Problem: Images are to be excluded from the copy, and the records below reproduced word for word.

Task data:

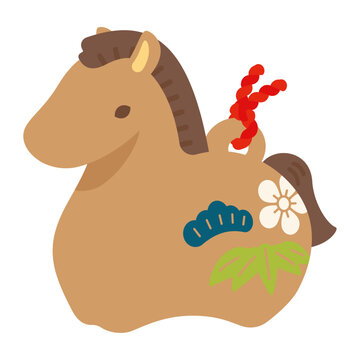 午の縁起物の土鈴茶色馬飾り|年賀状お正月素材イラスト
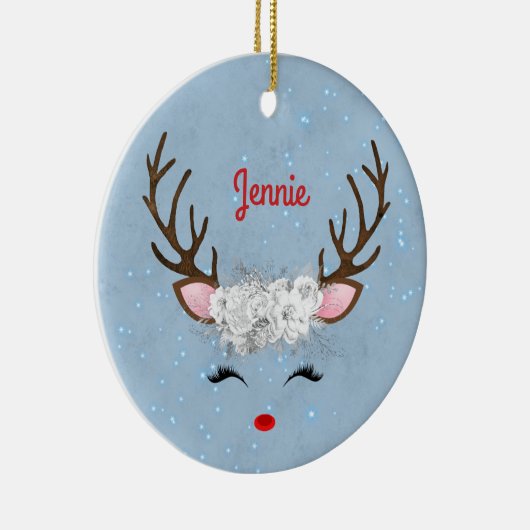 Zoete rendieren Eyelashes en Antlers met bloemen Keramisch Ornament (Rechts)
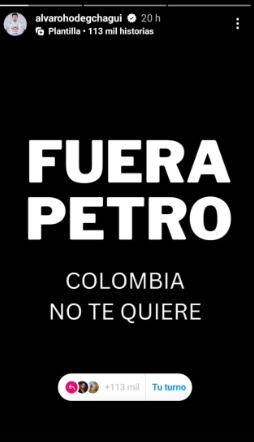 "Fuera Petro, Colombia nadie te quiere", fue el mensaje que dejó el ciclista en sus redes sociales - crédito Álvaro Hodeg/X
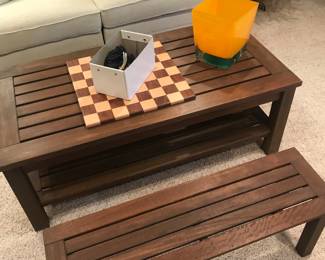 Close up with nice custom chess/checker board!
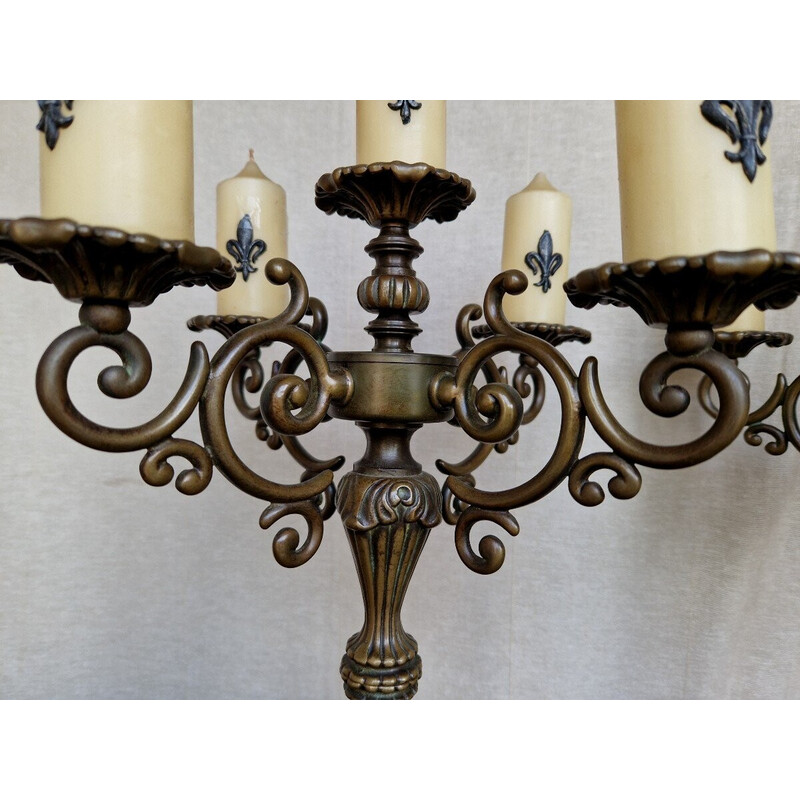 Paire de chandeliers vintage en bronze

Answer to this exercise:
 午の縁起物の土鈴茶色馬飾り|年賀状お正月素材イラスト
 Zoete rendieren Eyelashes en Antlers met bloemen Keramisch Ornament (Rechts)
 "Fuera Petro, Colombia nadie te quiere", fue el mensaje que dejó el ciclista en sus redes sociales - crédito Álvaro Hodeg/X
 Close up with nice custom chess/checker board!
 Paire de chandeliers vintage en bronze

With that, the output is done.